De literatura, en esa época de mi juventud, no conocía gran cosa. Incluso, la consideraba una palabra grandilocuente, ajena: literatura. Sabía en realidad poco, muy poco de autores, exceptuando a dos o tres nombres conocidos universalmente. Lo que hacía entonces era explorar con los títulos de los libros: comencé a leer aquellos volúmenes cuyo título me atraía, ¿a razón de qué?, no lo sé con exactitud (esto se parece también al azar). Algunos, lo supe después, fueron libros de buenos escritores, nacionales y extranjeros, con una carrera respetable; dos o tres libros, cuando mucho, me decepcionaron. Entre los descubrimientos agraciados figuran El lobo estepario, de Hesse; Cosmos, de Gombrowicz; Asfódelos, de Bernardo Couto; Nadie nada nunca, de Juan José Saer; Benzulul, de Eraclio Zepeda; La leyenda del santo bebedor, de Joseph Roth; Cuentos con dos rostros, de Ricardo Piglia; La ciudad, de Mario Levrero; Infierno de todos, de Sergio Pitol; el primer volumen de las Obras completas de Felisberto Hernández (y el de esa tarde), libros que me topé, todos, en librerías de viejo, a precios accesibles para un estudiante. Han sido encuentros raros, afortunados, porque frecuento constantemente librerías de segunda mano y todos estos libros que acabo de enumerar no los he vuelto a ver.

Vuelvo a esa tarde en el Centro: el libro que recién compré es una novelita corta, de un autor nacido en Ciudad Delicias, Chihuahua, y del que, hoy todavía, se sabe poco y se lee todavía menos. En ese momento en que leo en esa plaza todavía no sé decir por qué, pero es una joya el libro, lo intuyo. Se trata de El sol que estás mirando, de Jesús Gardea, en una bonita edición del Fondo de Cultura Económica (1981). El título fue suficiente para comprarlo (supongo ahora que también su precio). Es una de esas novelas raras, poco frecuentes, en las que no pasa mayormente nada: la vida de un pueblo es apacible, la de sus habitantes monótona; y de eso va esta historia que cuenta Gardea. Nada aparatoso, ni espectacular, ni violento. Mucho tiempo después de esa tarde sabría que Amos Oz decidiría ser escritor tras la lectura de Winesburg, Ohio, de Sherwood Anderson: en ese libro, el autor estadounidense cuenta, también, la vida de un pueblo llamado Winesburg. No quiero establecer un paralelismo con mi historia, únicamente poner el acento en que la lectura en muchos casos deviene, al fin, escritura.

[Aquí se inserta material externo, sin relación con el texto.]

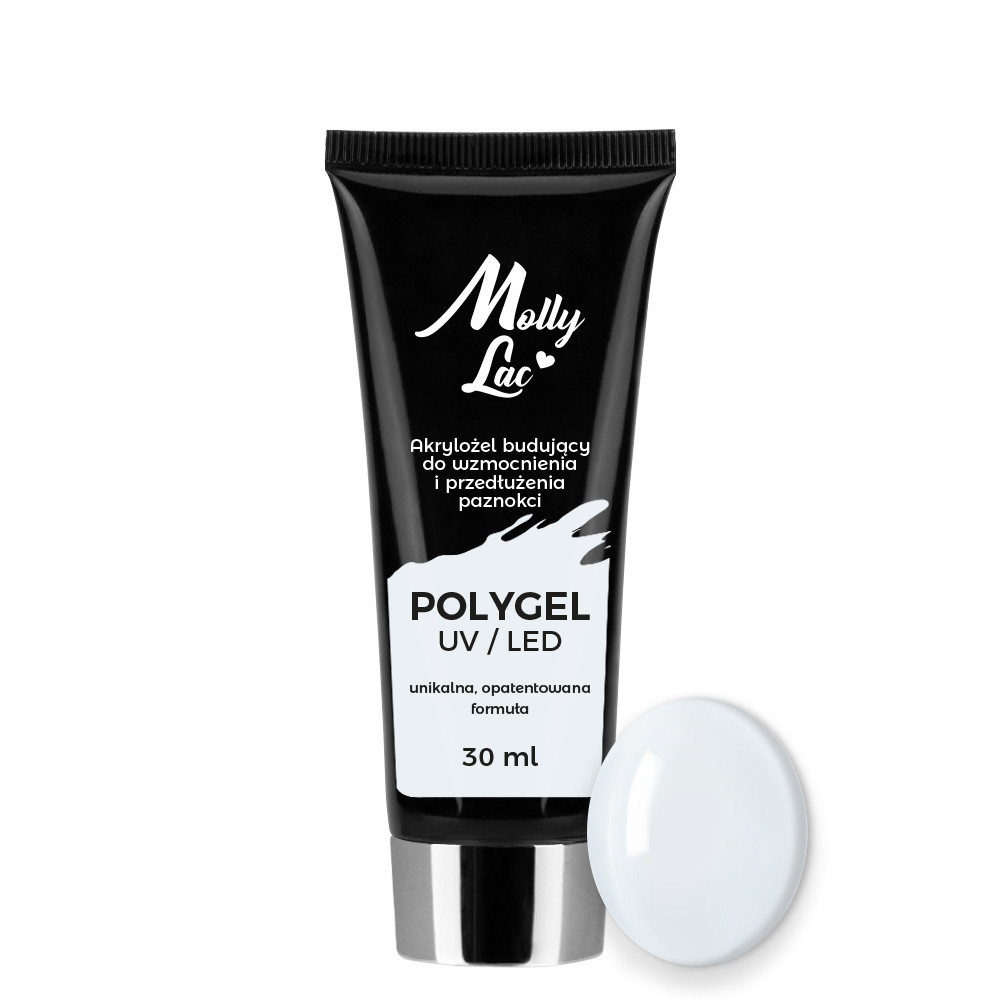 Polygél Molly Lac Natural 30ml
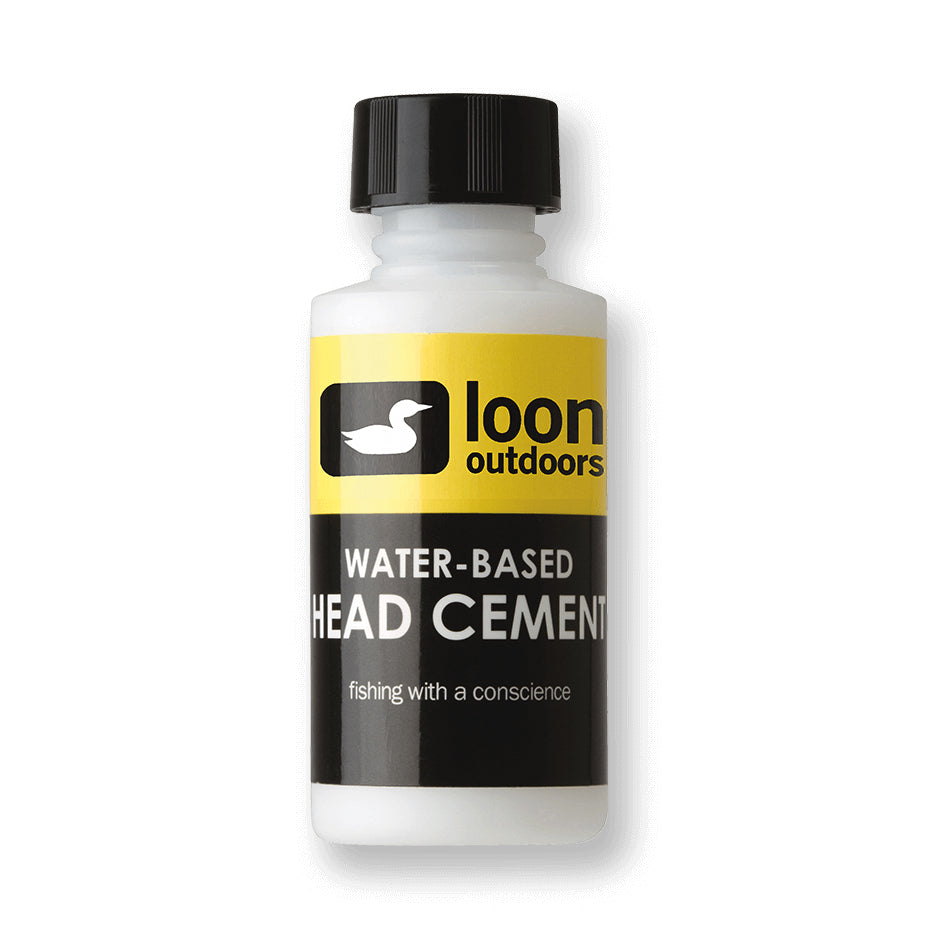 LOON HEAD CEMENT SYSTEM WATER BASED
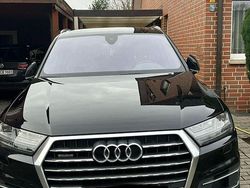 Schwarz Gebraucht 2015 Audi Q7 SUV | 26.550 € (Fairer Preis)
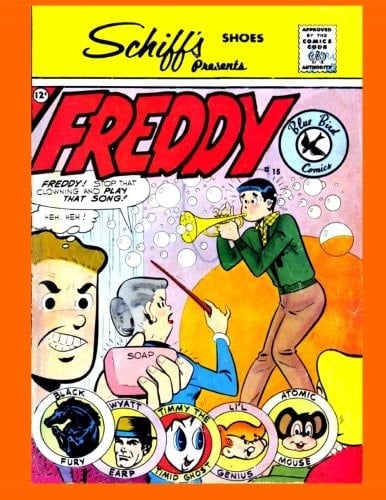 Freddy #15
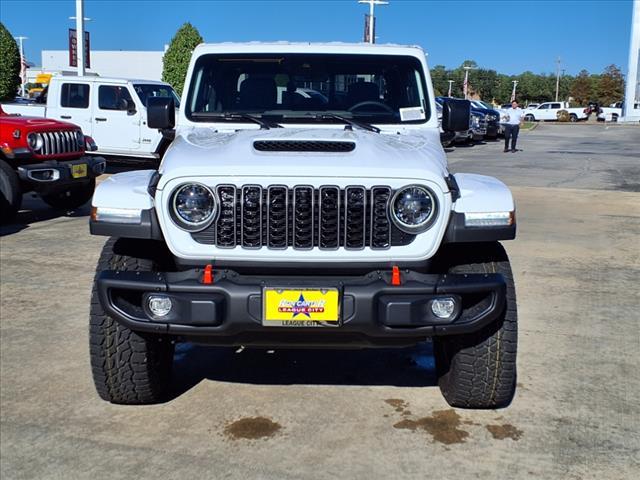 new 2025 Jeep Gladiator car, priced at $56,338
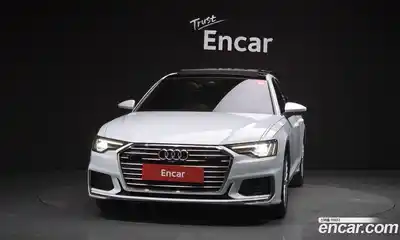 Audi A6 2021 2.0 Автомат в Москве № 162662, миниатюра 3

Desde la primera página el libro de Gardea me deslumbra: pocas novelas me han seducido desde el primer párrafo, incluso desde la primera línea, la primera frase. Y El sol que estás mirando está siendo una de esas pocas. El primer párrafo (fragmento): «Yo recuerdo a mi padre medio sordo. Lo veo trabajando sobre un tejaván, un día de verano, al atardecer». El segundo: «En el fondo del patio, que es largo, ha empezado a caer una sombra azul silenciosa. Los martillazos que da mi padre se hunden ahí, sin ruido». Y el final, quizá el mejor final que he leído de una novela: «Pichardo se volvió hacia mi madre y le preguntó: —¿Cómo viene Gálvez? Mi padre mismo le contestó: —Ahogándome con tanto viento, Pichardo. Pero lo prefiero al calor. Pasó un rato. Luego, mi padre volvió a hablar, con voz a propósito sofocada, pero que yo alcancé a oír (le dijo a mi madre): —Francisca —dijo—, ya no volveré». Narración pura, llana, abrillantada por su laconismo.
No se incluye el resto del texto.